## What is required
Retype exactly the span of lines below from the one with "Right Hand Wrench : 右手扳手" through the one with "Figure 3. Graphic". Do not include pictures.

## Task data
>>>>

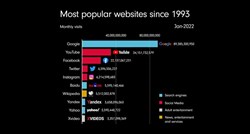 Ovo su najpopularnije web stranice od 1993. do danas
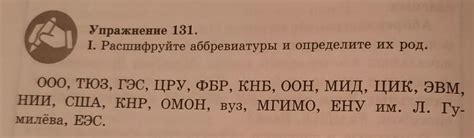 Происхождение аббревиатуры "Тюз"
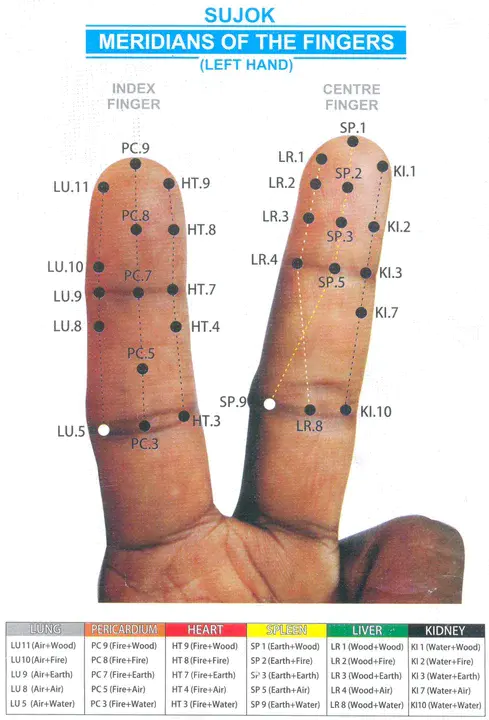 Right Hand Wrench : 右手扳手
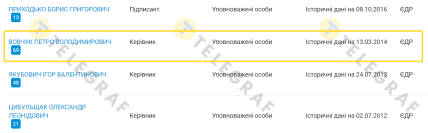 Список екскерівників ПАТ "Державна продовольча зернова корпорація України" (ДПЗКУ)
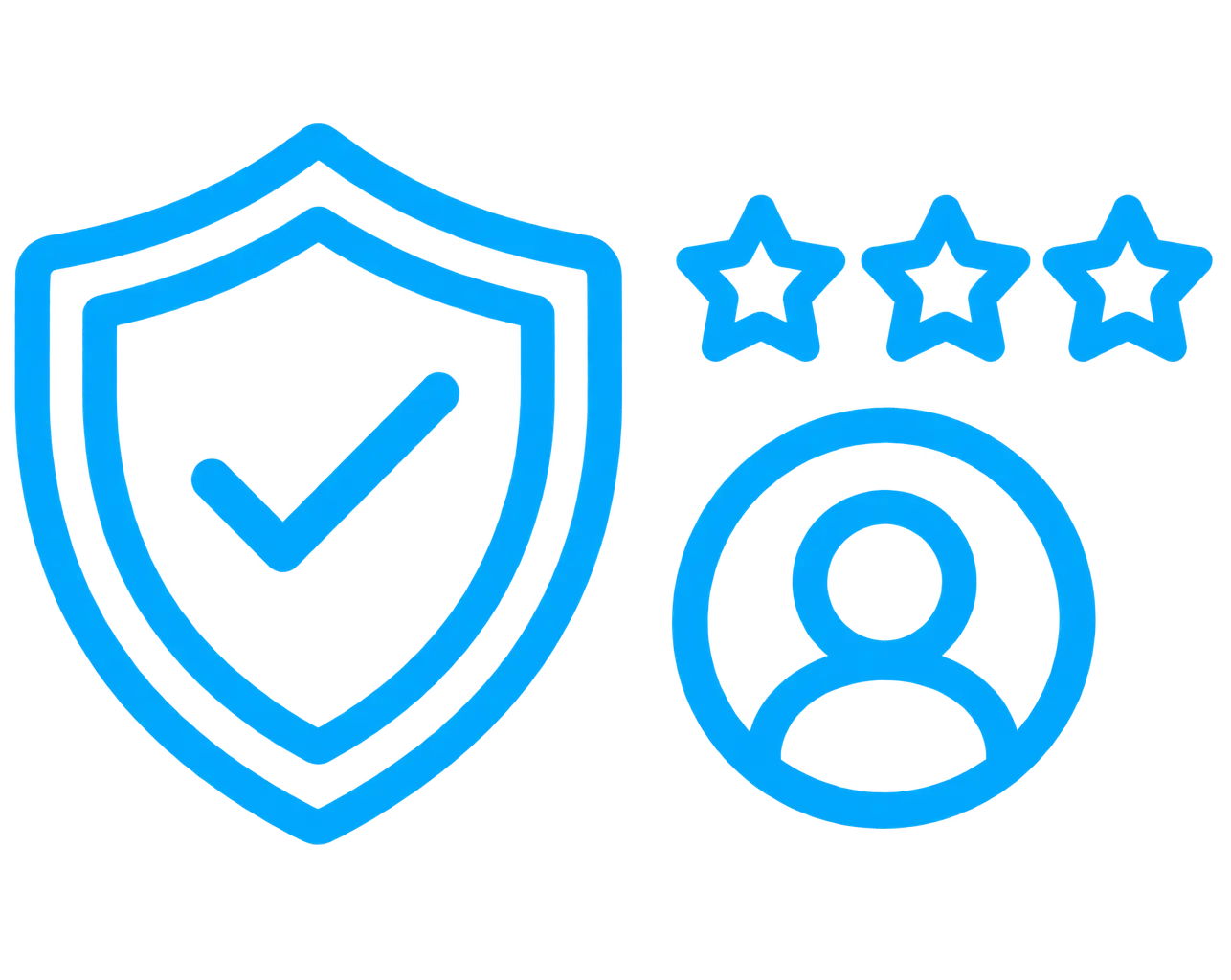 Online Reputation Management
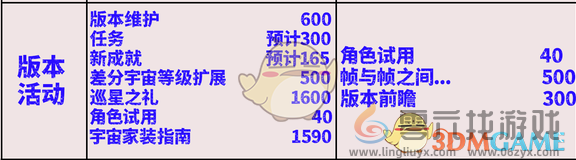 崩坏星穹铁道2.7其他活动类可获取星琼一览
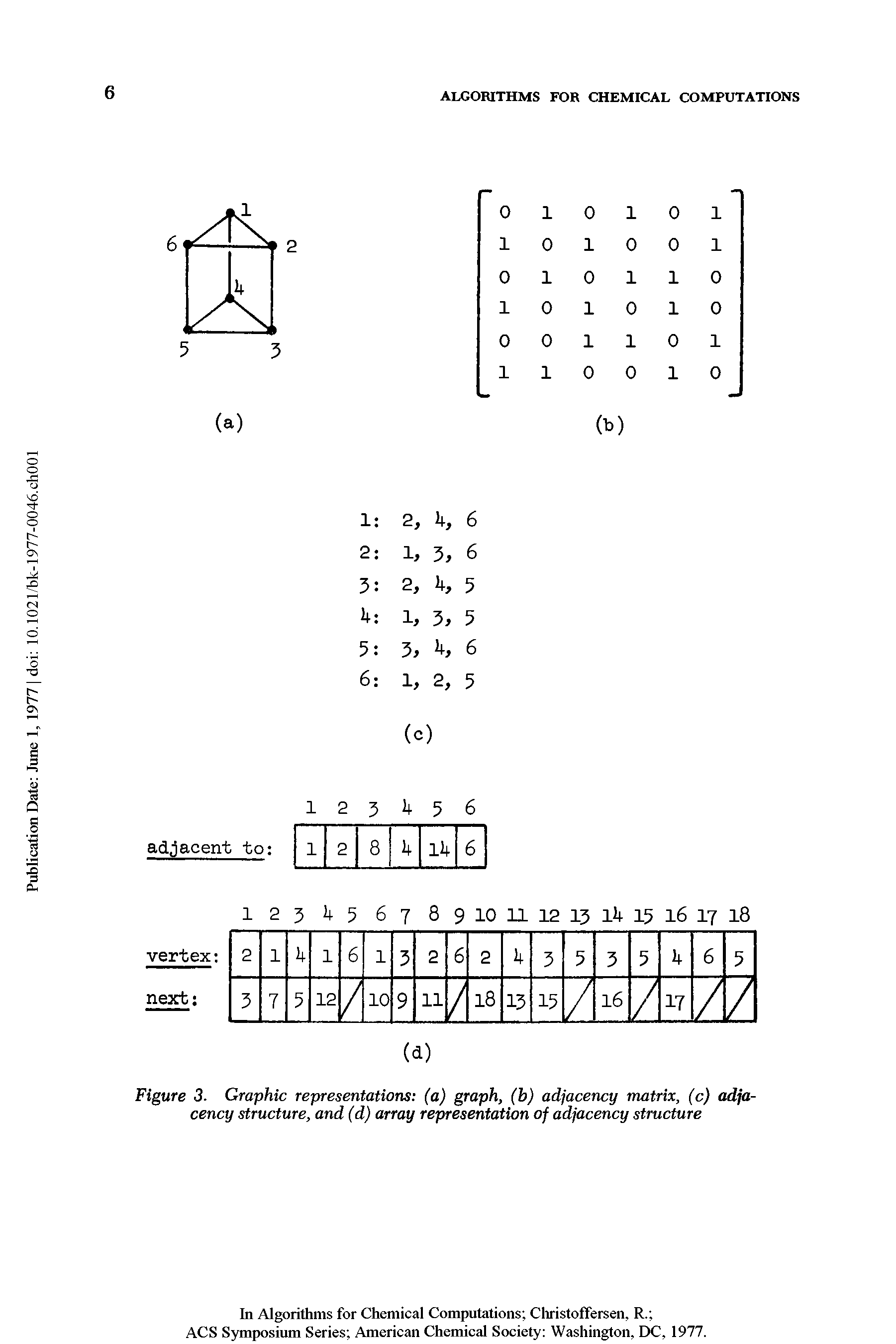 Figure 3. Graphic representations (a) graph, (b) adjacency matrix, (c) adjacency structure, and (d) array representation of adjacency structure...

<<<<
>>>>

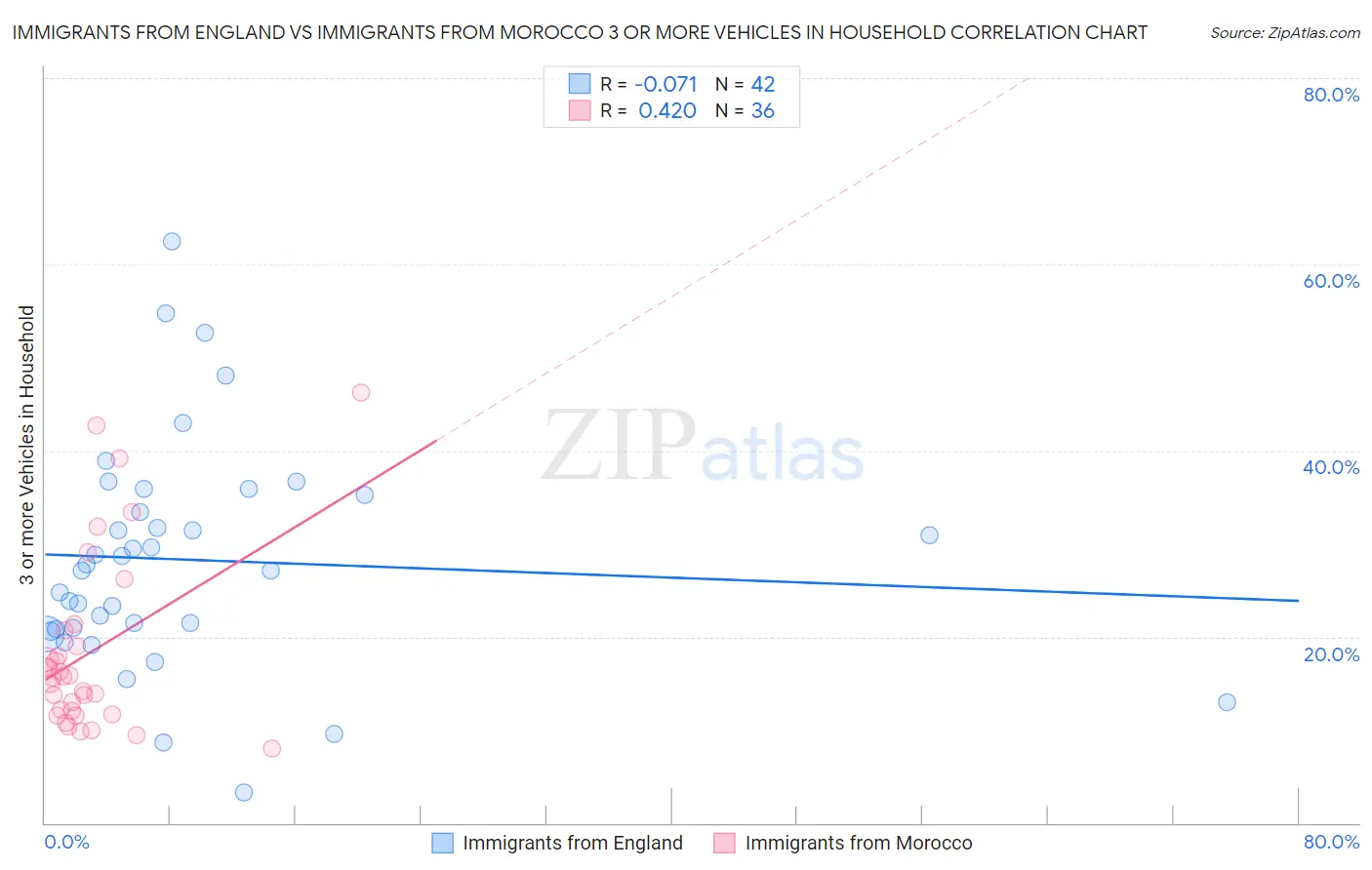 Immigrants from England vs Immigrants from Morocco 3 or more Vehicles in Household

<<<<
>>>>

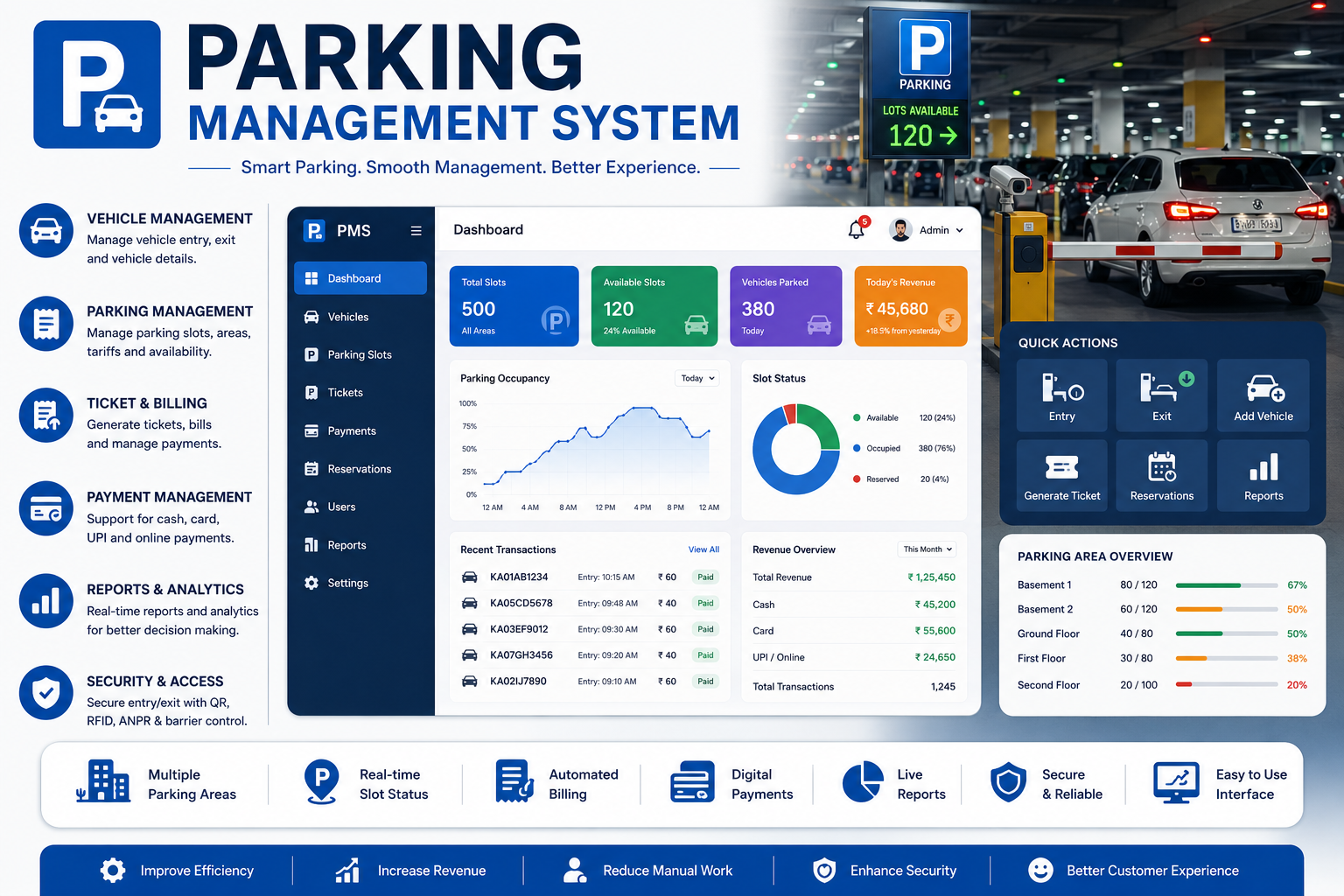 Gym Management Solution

<<<<

## Result for this task
 Right Hand Wrench : 右手扳手
 Список екскерівників ПАТ "Державна продовольча зернова корпорація України" (ДПЗКУ)
 Online Reputation Management
 崩坏星穹铁道2.7其他活动类可获取星琼一览
 Figure 3. Graphic representations (a) graph, (b) adjacency matrix, (c) adjacency structure, and (d) array representation of adjacency structure...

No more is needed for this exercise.